At federal and state levels, where ballots routinely include partisan labels, such victories have occurred within Democratic primaries. Instead of being disempowered by the labels, progressives have been learning how to win elections in spite of corporations’ odious sway over the Democratic Party.
The empowered grassroots organizing that made possible the elections of Tlaib, Omar, Ocasio-Cortez and Pressley last year has inspired many thousands of activists fighting for economic justice, human rights and a sustainable planet. Those four women — and other recent progressive arrivals in Congress, such as Pramila Jayapal and Ro Khanna — are forming the nucleus of a House power bloc in synergy with like-minded forces around the country.
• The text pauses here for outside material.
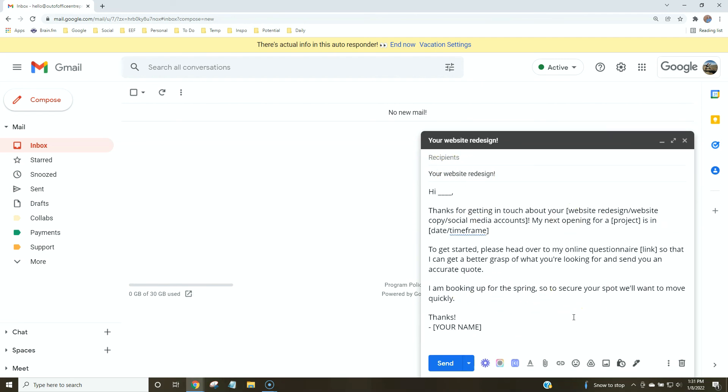You can do this with anything you get a lot of emails about and want to respond to quickly. Just make them templates and use them to save a lot of time in your inbox.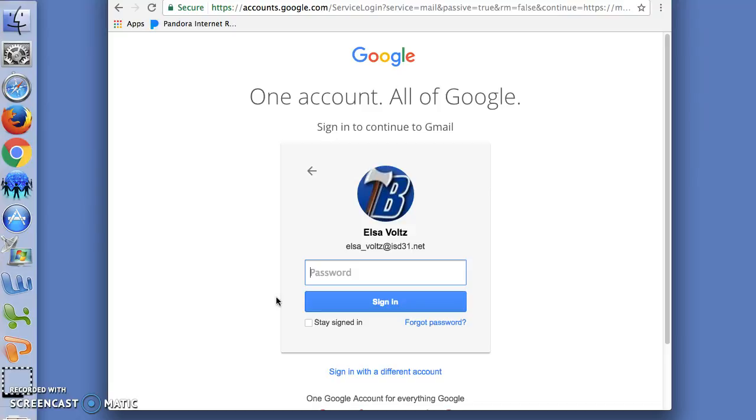So now I type my password in and click sign in.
Four-term Rep. Mark Pocan, who co-chairs the Congressional Progressive Caucus with Jayapal, aptly put it this way: “People in D.C. think we’re the center of the universe, but we’re not — the people who elect us are the center of the universe. It’s when you have that kind of activism in the districts, you’re really going to be impactful.” The way to maximize impact is to step up progressive capacities across the United States, inside and outside of electoral arenas.
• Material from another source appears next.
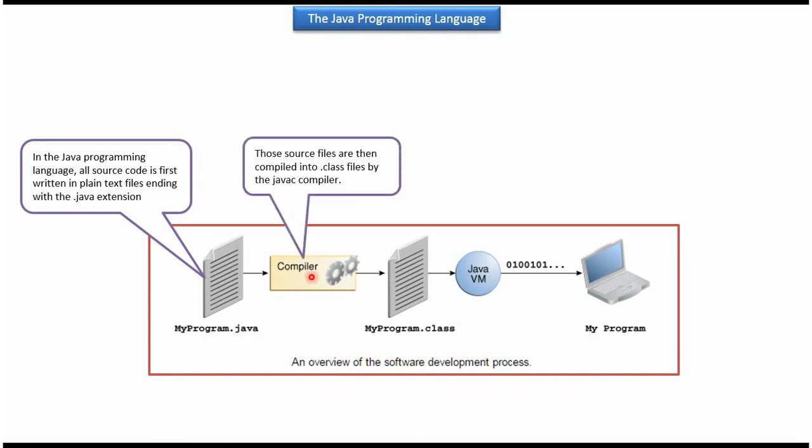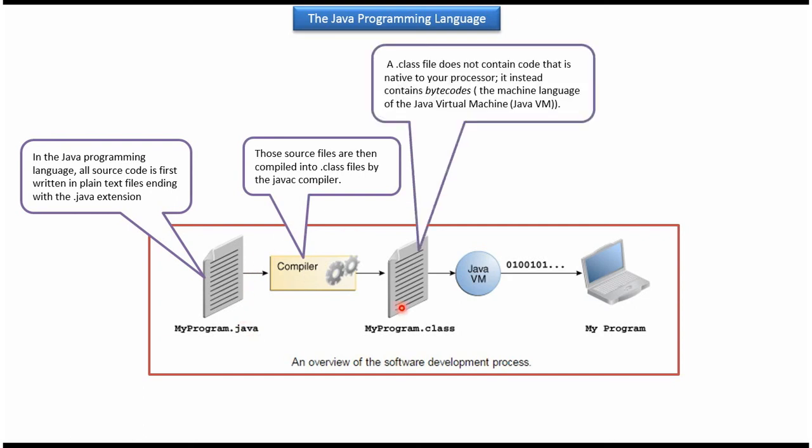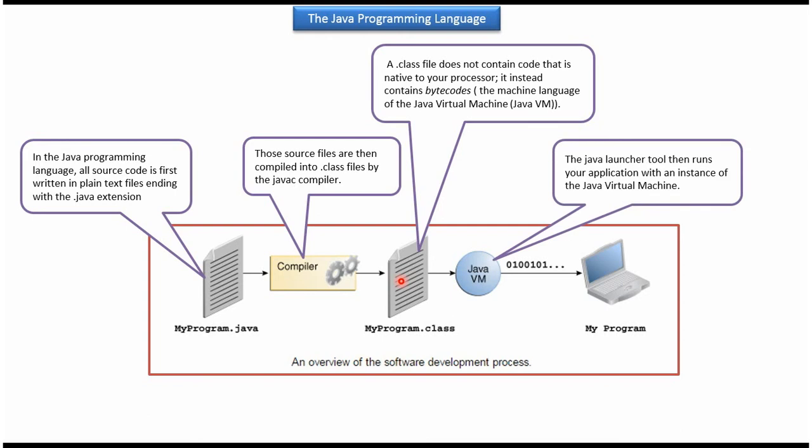The compiler is responsible for compiling .java files into .class files. This .class file contains bytecodes. Bytecode is the machine language of the Java Virtual Machine. The Java Virtual Machine loads the .class file and runs the application.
Winning elective power can and must be part of social movements that are engaged in wresting power away from dominant authorities in an array of walks of life — while nurturing alternative institutions. Progressive power of enduring value grows from deep roots in communities, with huge potential to weaken the undemocratic power of the current oligarchy.
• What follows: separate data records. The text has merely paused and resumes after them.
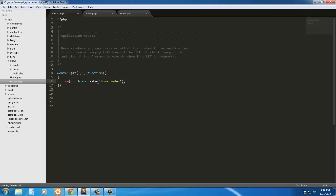And there are a lot of different methods to this class of route. There is route get, route post for posting information, route put for updating information, and route destroy for deleting information. And we'll get into those later.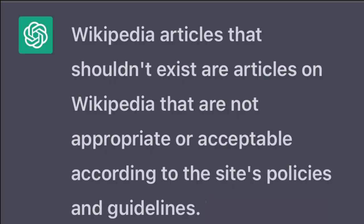Write a Wikipedia article about Wikipedia articles that shouldn't exist. Wikipedia articles that shouldn't exist are articles on Wikipedia that are not appropriate or acceptable, according to the site's policies and guidelines.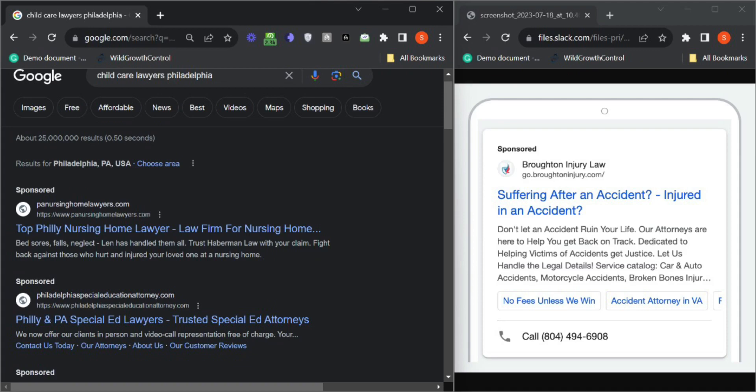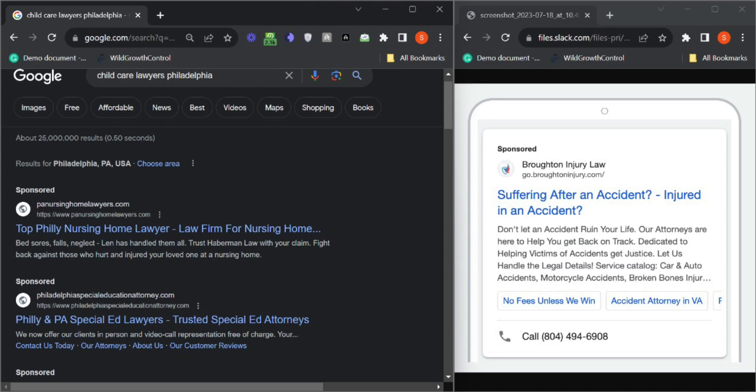I was actually going through a lawyer search and I came across your ad on first page of Google and it clicked to me that you are missing out the major things like callout extensions, the site link extensions and also a phone number.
It’s understandable that many on the left have been uneasy about power and uncomfortable with really trying to gain it. After all, prevalent power is so often oppressive and illegitimate. And efforts to galvanize progressive power have too often devolved into toxic opportunism and co-option. But chronic misuses of power don’t negate the practical possibilities of power created in solidarity, with the goal of advancing humane values.
“Power is always dangerous,” Edward Abbey asserted. “Power attracts the worst and corrupts the best.” Yet democratic consolidations of power offer the opportunity to throw a monkey wrench into self-marginalizing orthodoxies that dismiss all power as inherently pernicious. While harmful power is contemptuous of democracy, legitimate power requires it.
Imperative transformations go way beyond who’s in elective office. Routinely, economic power boils down to political power; the structures of corporate domination and undemocratic governance are enmeshed in the same overall system. Out of necessity, a wide range of progressive movements now challenge how institutions are structured to perpetuate elite power and mass disempowerment.
“Power, properly understood, is the ability to achieve purpose,” Dr. King wrote. “It is the strength required to bring about social, political or economic changes. In this sense power is not only desirable but necessary in order to implement the demands of love and justice.”
Attitudes, assumptions and understanding largely determine the potential for desperately needed changes in governance — from city halls and state legislatures to Congress and the White House. What’s at stake is far more than who wins elections; actual democracy requires gaining accountability from the winners when they’re in office.
“Speaking truth to power” doesn’t do much unless people can consolidate power to serve the interests of the many instead of the privileged few. Exercised from the bottom up, power has the potential to make democracy real.
Right now, ending GOP rule is necessary — and also insufficient. Being “better than Republicans” is a low bar that most Democratic candidates clear with ease. But quests for social justice, human rights, environmental protection, civil liberties and peace will require high standards that only grassroots power can achieve.